• _Records to use_:
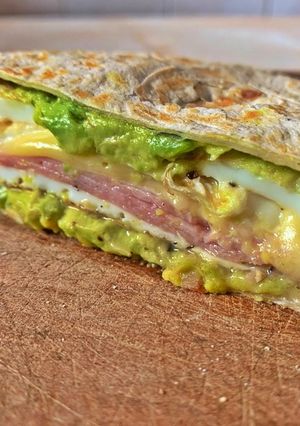 A picture of Egg White Fajita.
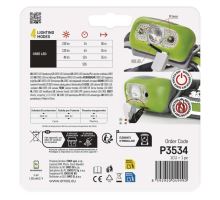 Čelovka nabíjací, 1 × CREE XPE LED 5 W (8)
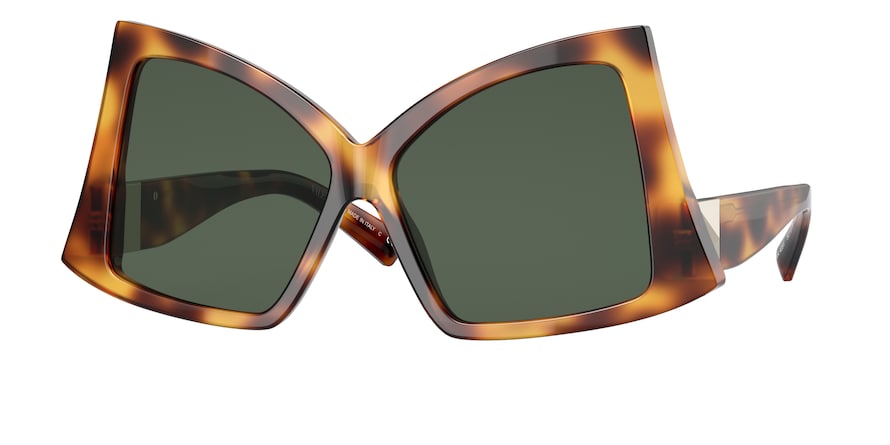 Valentino VA4091 Butterfly Sunglasses  501171-LIGHT HAVANA 58-13-140 - Color Map light brown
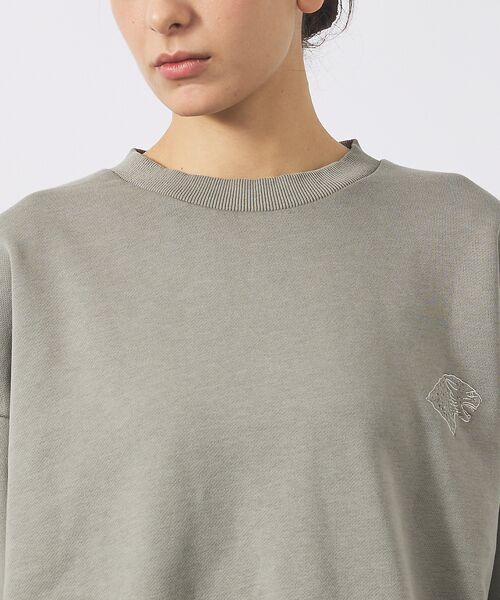 ABAHOUSE / アバハウス スウェット | 【POLER/ポーラー】EMB PIGMENT DYE CREW/ピグメント加工 | 詳細18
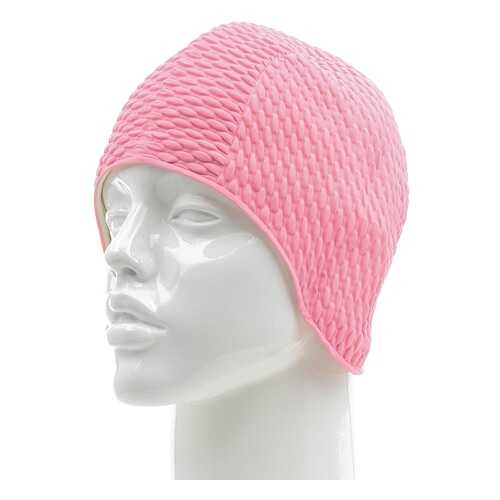 Шапочка для плавания Larsen Бабл-кап pink в Декатлон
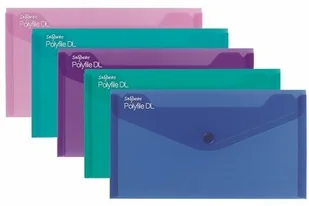 Snopake Snopake, teczka kopertowa, format DL - Teczki i skoroszyty - miniaturka - grafika 2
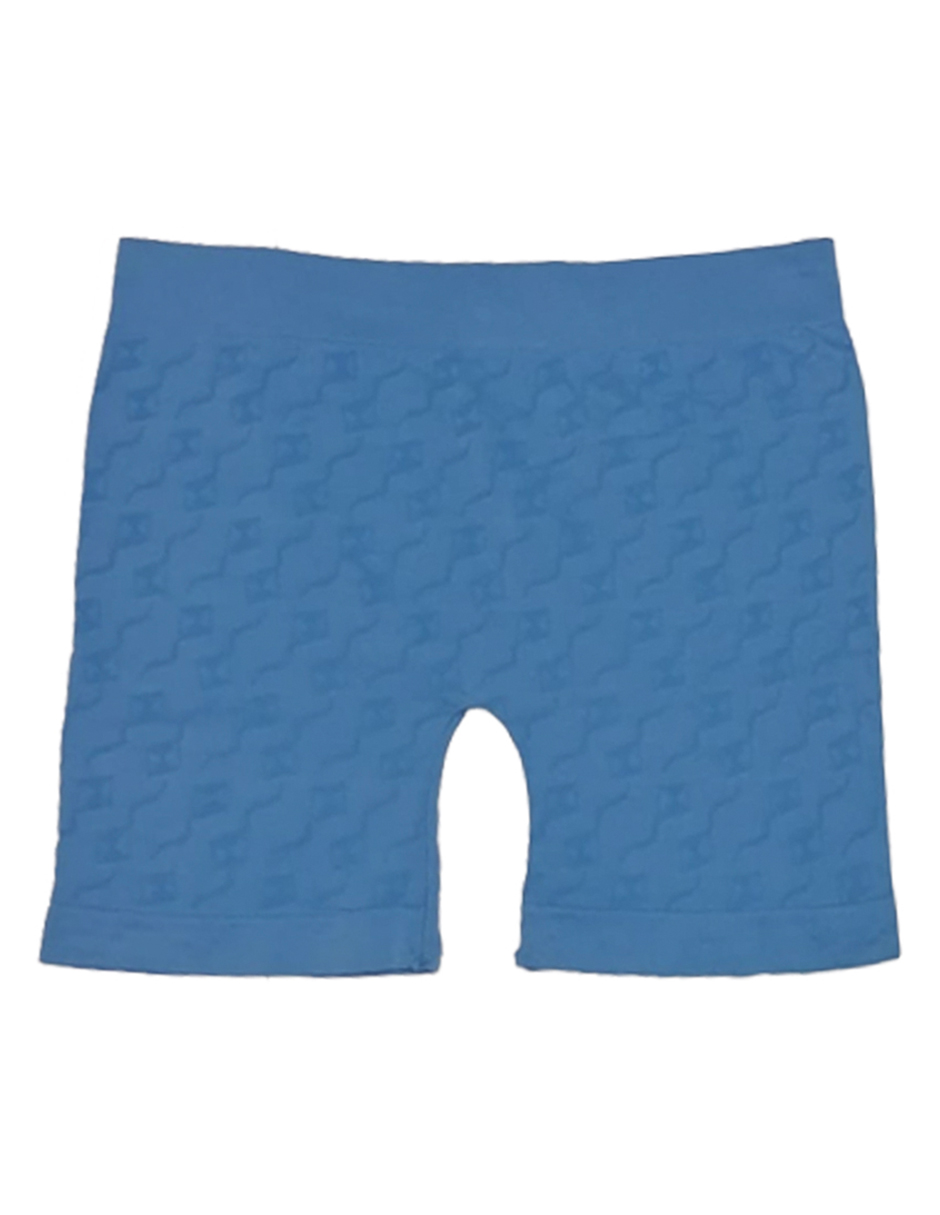 Paquete con 6 Boxer Largo para Mujer tipo Blumer Tatys Fashion Pack Incluye 6 Diferentes Colores.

• _Instructions for the task_:
Except for the pictures, give all the material above again verbatim.

• _Your response_:
 A picture of Egg White Fajita.
 Čelovka nabíjací, 1 × CREE XPE LED 5 W (8)
 Valentino VA4091 Butterfly Sunglasses  501171-LIGHT HAVANA 58-13-140 - Color Map light brown
 ABAHOUSE / アバハウス スウェット | 【POLER/ポーラー】EMB PIGMENT DYE CREW/ピグメント加工 | 詳細18
 Шапочка для плавания Larsen Бабл-кап pink в Декатлон
 Snopake Snopake, teczka kopertowa, format DL - Teczki i skoroszyty - miniaturka - grafika 2
 Paquete con 6 Boxer Largo para Mujer tipo Blumer Tatys Fashion Pack Incluye 6 Diferentes Colores.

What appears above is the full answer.